WHAT IS NEEDED: In the data below, find the line with "派对低音炮截图2 派对低音炮截图2" and the line with "異能學園的下克上種付強姦 ~強制發情而墮落的母獸~", then restate both and every line between them exactly, minus the pictures.

INPUT DATA:
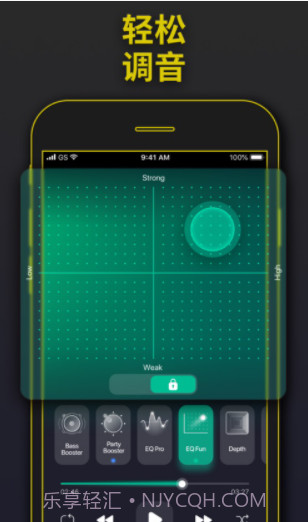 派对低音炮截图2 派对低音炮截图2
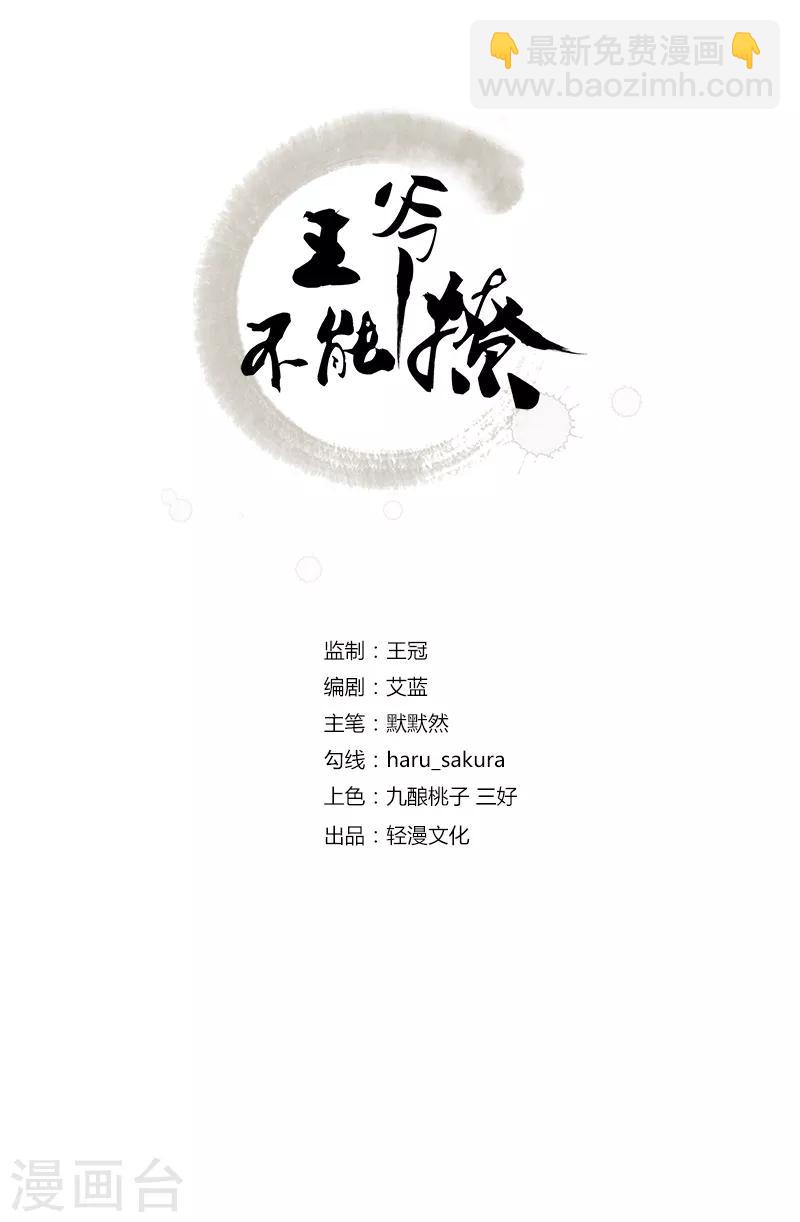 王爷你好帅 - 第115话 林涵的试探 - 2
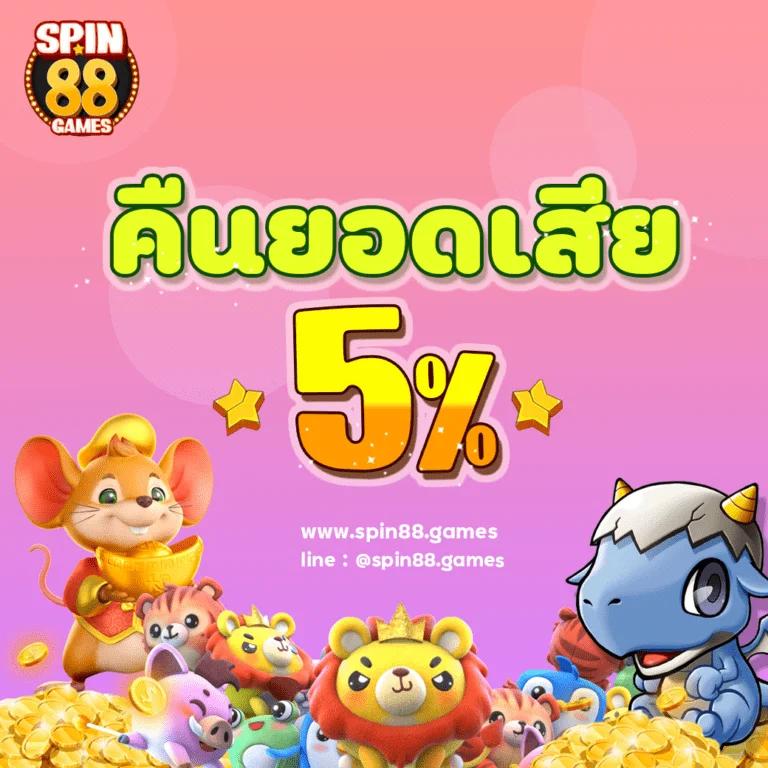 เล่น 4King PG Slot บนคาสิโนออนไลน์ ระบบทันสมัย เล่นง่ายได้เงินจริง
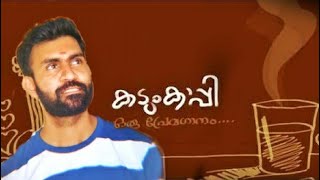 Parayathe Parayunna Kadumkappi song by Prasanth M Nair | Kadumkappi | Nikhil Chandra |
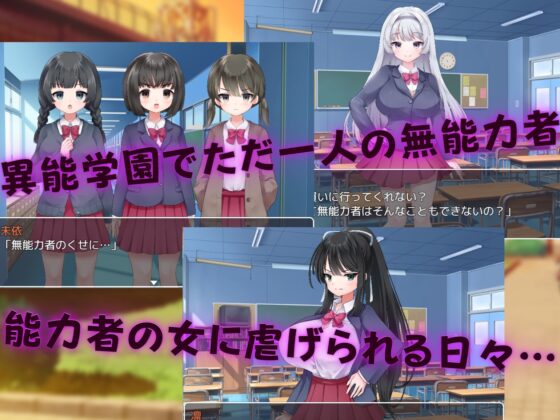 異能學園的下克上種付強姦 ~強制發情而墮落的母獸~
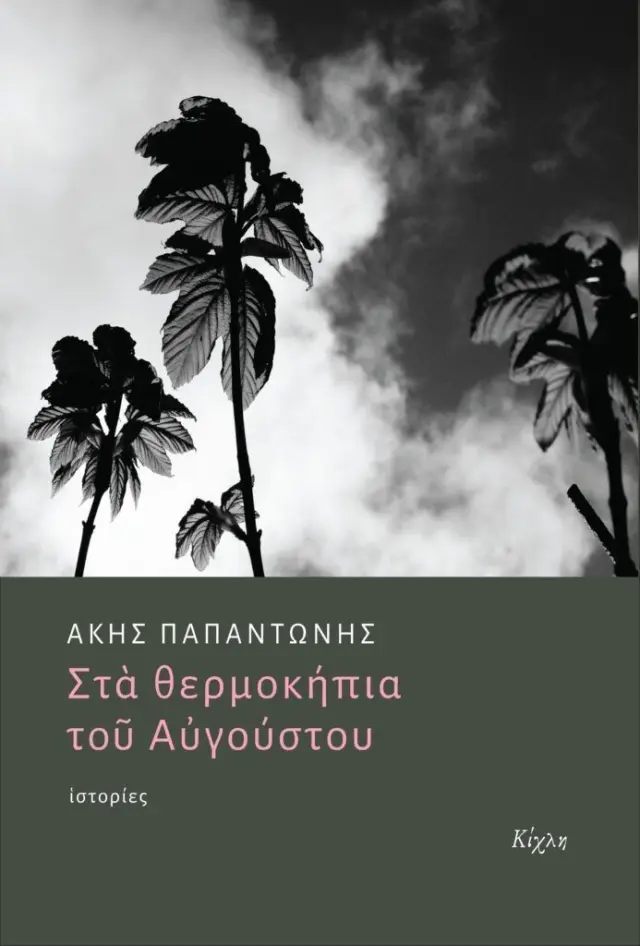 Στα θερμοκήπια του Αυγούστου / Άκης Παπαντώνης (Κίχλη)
==
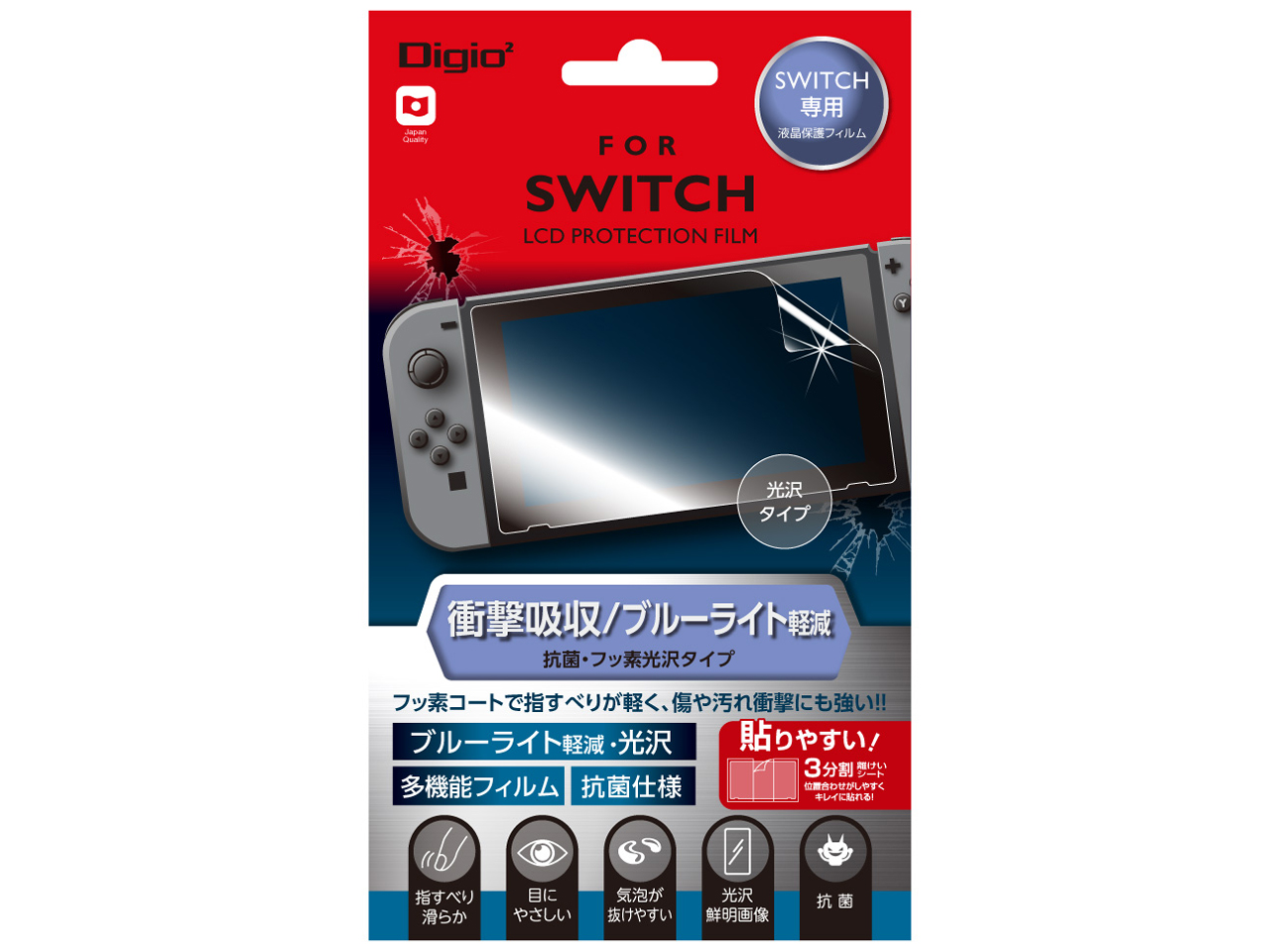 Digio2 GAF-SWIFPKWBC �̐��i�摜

EXPECTED OUTPUT:
 派对低音炮截图2 派对低音炮截图2
 王爷你好帅 - 第115话 林涵的试探 - 2
 เล่น 4King PG Slot บนคาสิโนออนไลน์ ระบบทันสมัย เล่นง่ายได้เงินจริง
 Parayathe Parayunna Kadumkappi song by Prasanth M Nair | Kadumkappi | Nikhil Chandra |
 異能學園的下克上種付強姦 ~強制發情而墮落的母獸~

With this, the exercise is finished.